At the last of four budget work sessions Tuesday, Iroquois School Superintendent Douglas Scofield explained why even a fairly moderate tax levy, like the 2.24 percent increase he’s proposing for 2013-14, is not guaranteed to be approved by voters in May. The outcome could hinge on turnout.
To an audience of less than a dozen people, some of them district employees, the superintendent said only 45 percent of registered parents voted last year, which was more than double the year before. Of staff members who live in the district, only 57 percent voted, a 10 percent increase from the prior year.
“My goal is 3,500 voters this year. The more people that vote, the greater it is for everyone,” Scoffield said.
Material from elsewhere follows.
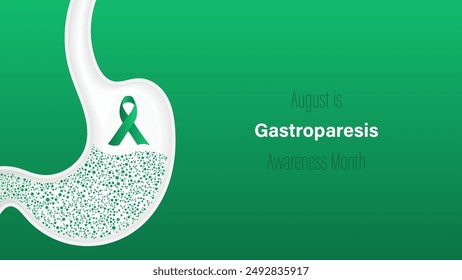 Gastroparesis awareness month is observed every year in august, vector illustration.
In a district where a budget failed by a hundred votes just two years ago, it’s not surprising that voter demographics are part of the budget presentation. Turnout in the district has typically been lackluster.
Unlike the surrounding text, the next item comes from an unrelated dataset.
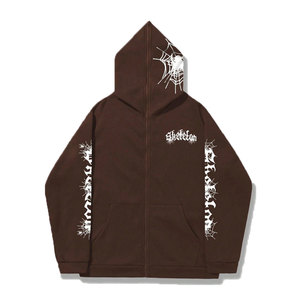 Europe United Sweat-shirt à capuche unisexe à fermeture éclair, coupe ample et ajustée, en polaire à séchage rapide, imprimé hip-hop streetwear avec éléments araignée et motifs originaux - Product Image 1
In 2010 and 2011, only about 13 percent – or 1,700 of 13,000 registered voters – came out to vote on the school budget. In 2012, when a grass-roots campaign urged resident to come out and vote, that number jumped to 3,000, or 21 percent.
About 2,000 eligible residents are not registered.
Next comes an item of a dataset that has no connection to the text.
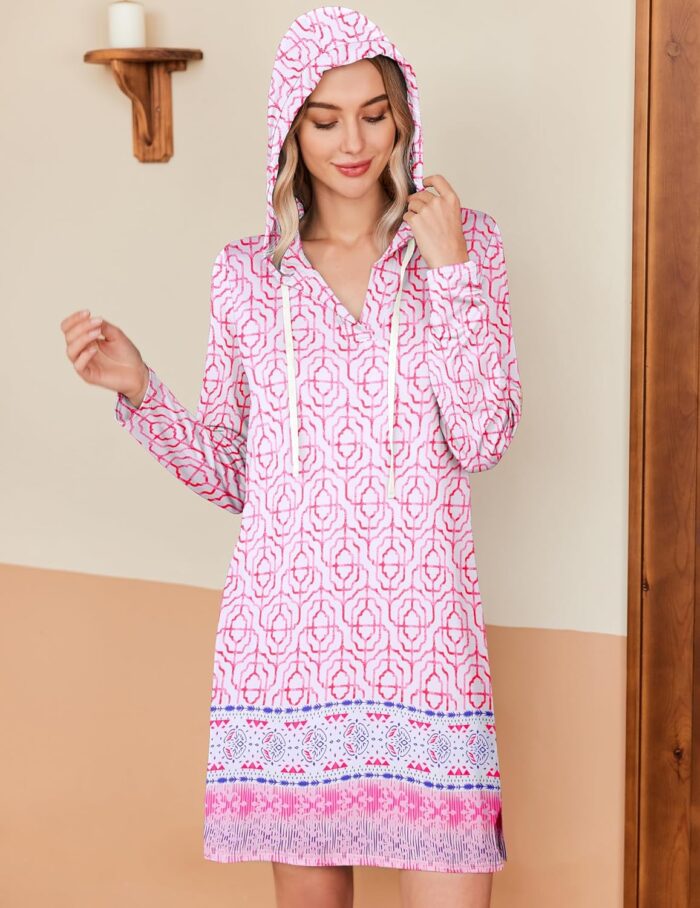 HOTOUCH Womens UPF 50+ Cover-Up Dress Beach SPF Sun Protection Long Sleeve Shirts Dress Lightweight Athletic UV Hoodie - Image 4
“The budget passed by over 1,000 votes last year,” the superintendent said, “but it wasn’t just parents voting in favor of it. That shows that a number of people without kids recognized the value-added effect of education in the community.”
Also, board members debated what should be cut if the budget is defeated and a contingency budget has to be adopted. Scofield proposed increased class sizes, cuts in athletics and clubs and using $97,923 in additional reserve funds.
School Board President David Lowrey said that because the district is already using $815,579 in reserves to keep taxes low next year, the district has to draw the line.
“If parents don’t come out and support the budget, then we should cut programs. Don’t use more reserves,” Lowrey said.
Business Administrator Joanne George echoed those sentiments. “Fund balance is a one-shot revenue. You have to have a very thought-out plan using them or you wind up in trouble,” she said.